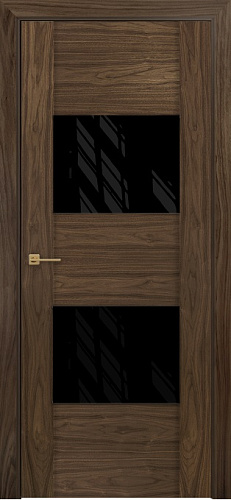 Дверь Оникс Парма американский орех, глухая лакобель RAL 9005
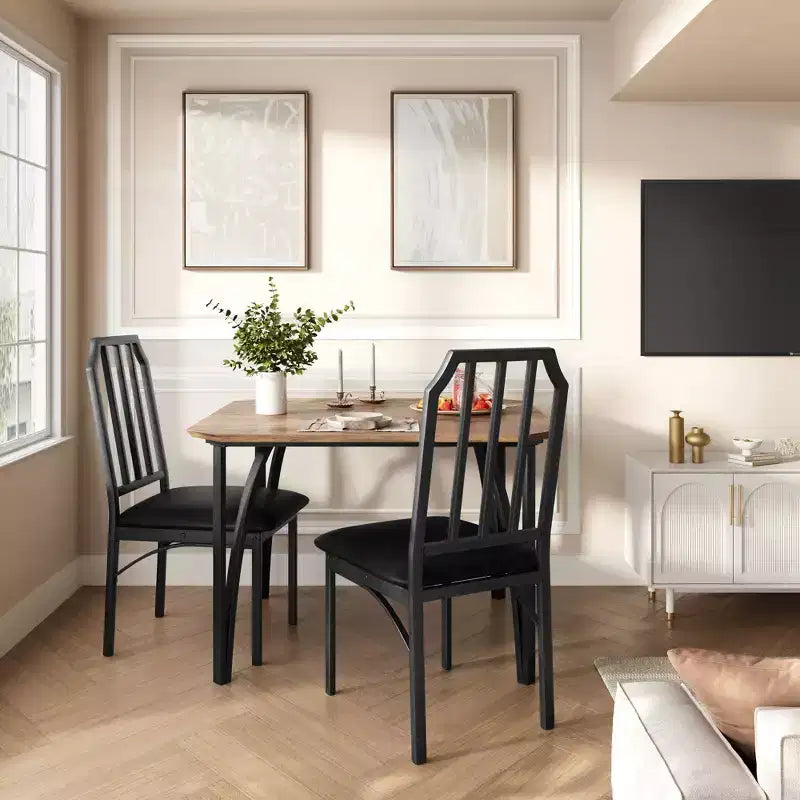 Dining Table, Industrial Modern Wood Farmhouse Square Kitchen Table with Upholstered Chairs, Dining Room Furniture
--
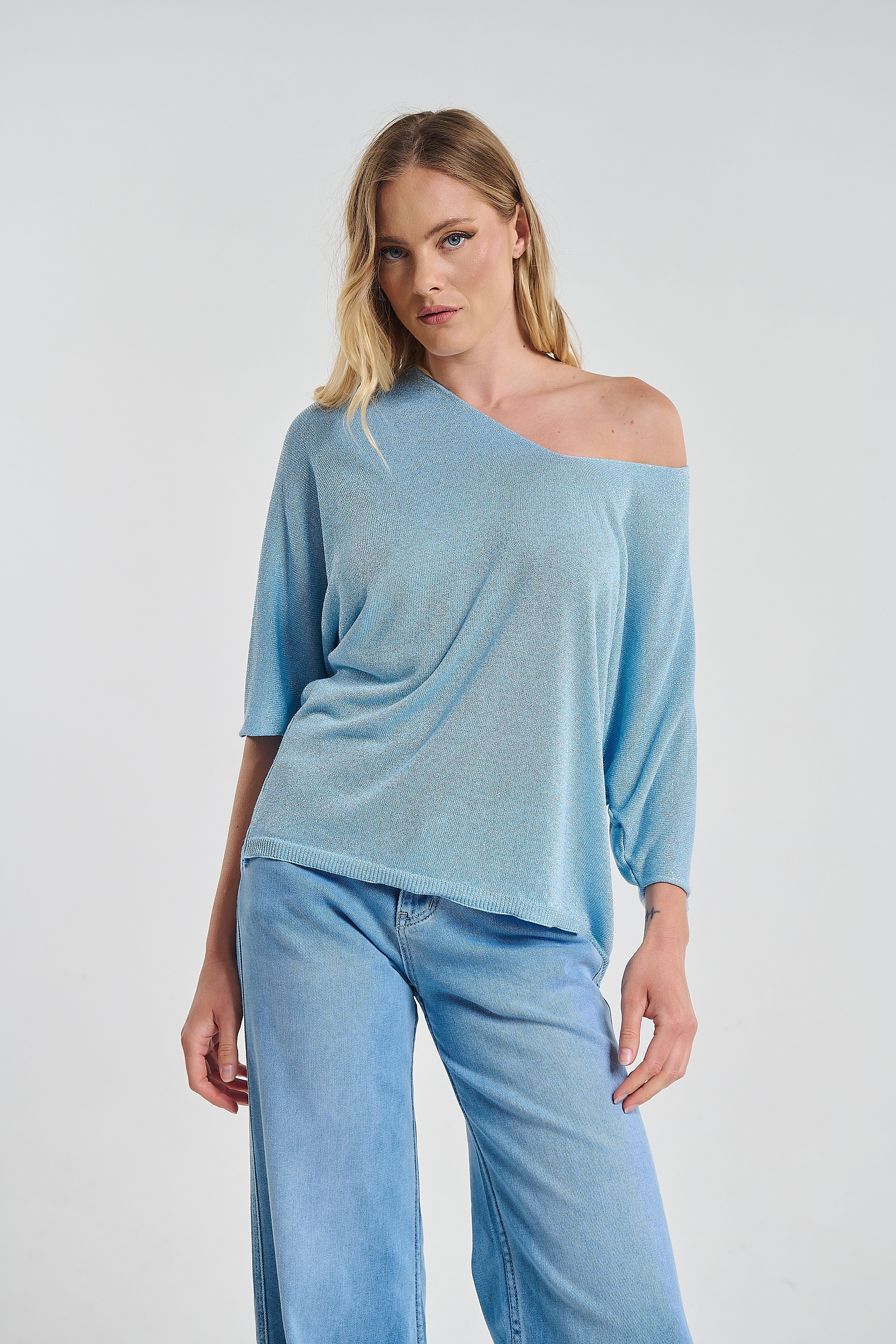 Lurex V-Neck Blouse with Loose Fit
--
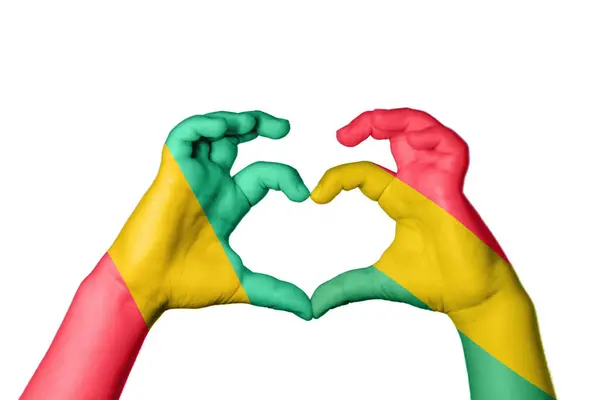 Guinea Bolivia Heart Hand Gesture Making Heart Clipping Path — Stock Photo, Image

* WHAT YOU HAVE TO DO
From the listing above, restate verbatim the lines running from the one with "Дверь Оникс Парма" through the one with "Dining Table, Industrial", inclusive, but not the pictures.

* ANSWER
 Дверь Оникс Парма американский орех, глухая лакобель RAL 9005
 Dining Table, Industrial Modern Wood Farmhouse Square Kitchen Table with Upholstered Chairs, Dining Room Furniture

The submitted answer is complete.